*Supplied material*:
******

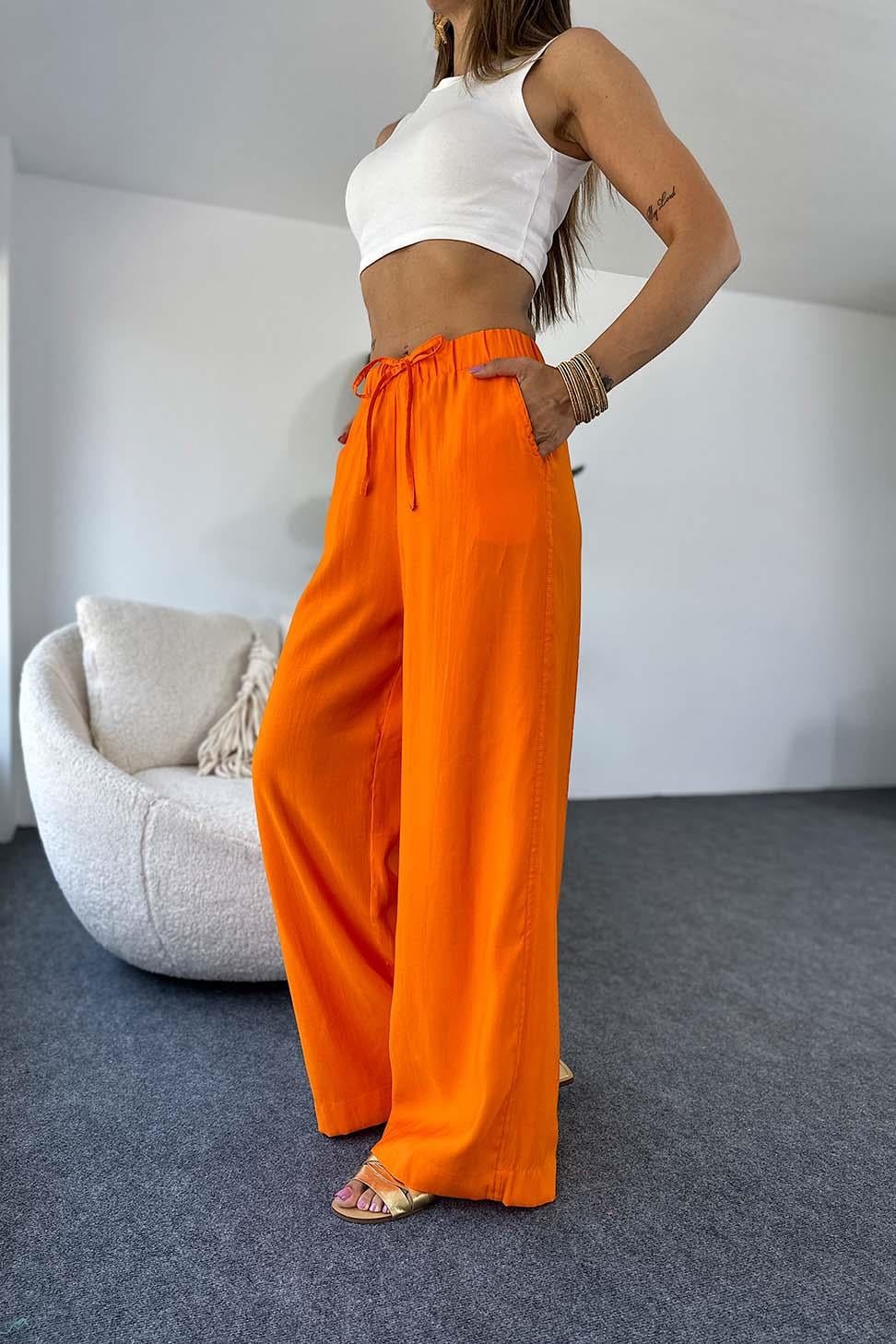 Orjinal Marka Natural Pamuklu Yazlık Salaş Pantalon Turuncu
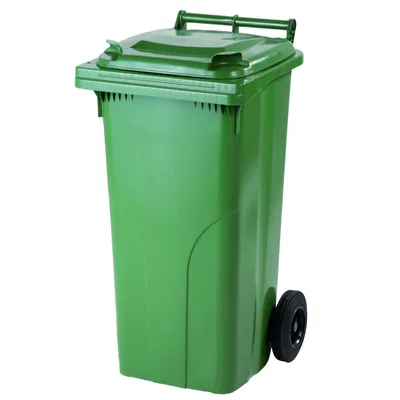 Zdjęcie produktu dla Pojemnik kubeł na odpady i śmieci ATESTY Europlast Austria - zielony 120L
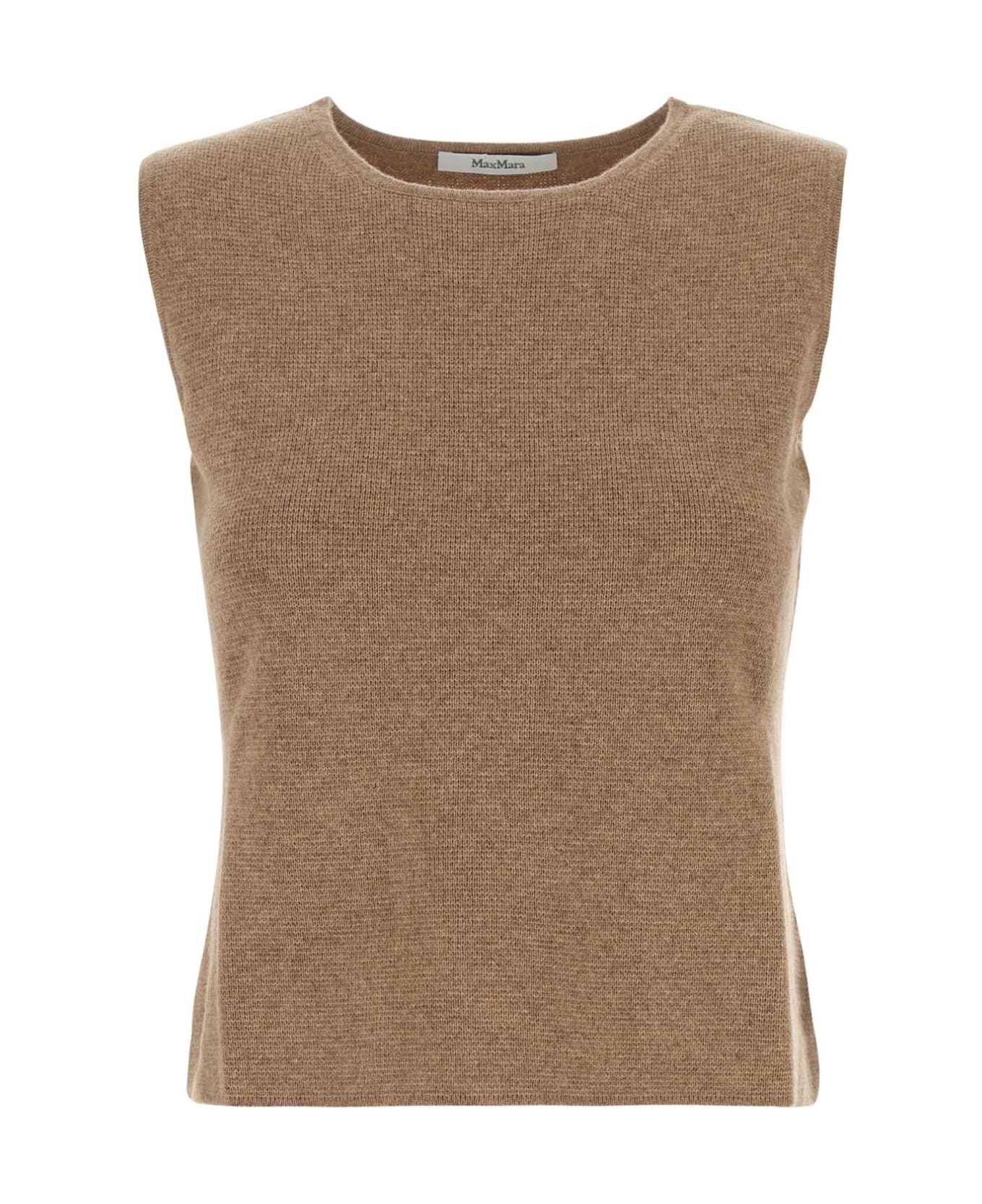 Max Mara Camel Wool Blend Fosco Vest - DAINO SCURO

******

*The task*: Set down the material above exactly as it reads, but not its pictures.

*Response for this exercise*:
 Orjinal Marka Natural Pamuklu Yazlık Salaş Pantalon Turuncu
 Zdjęcie produktu dla Pojemnik kubeł na odpady i śmieci ATESTY Europlast Austria - zielony 120L
 Max Mara Camel Wool Blend Fosco Vest - DAINO SCURO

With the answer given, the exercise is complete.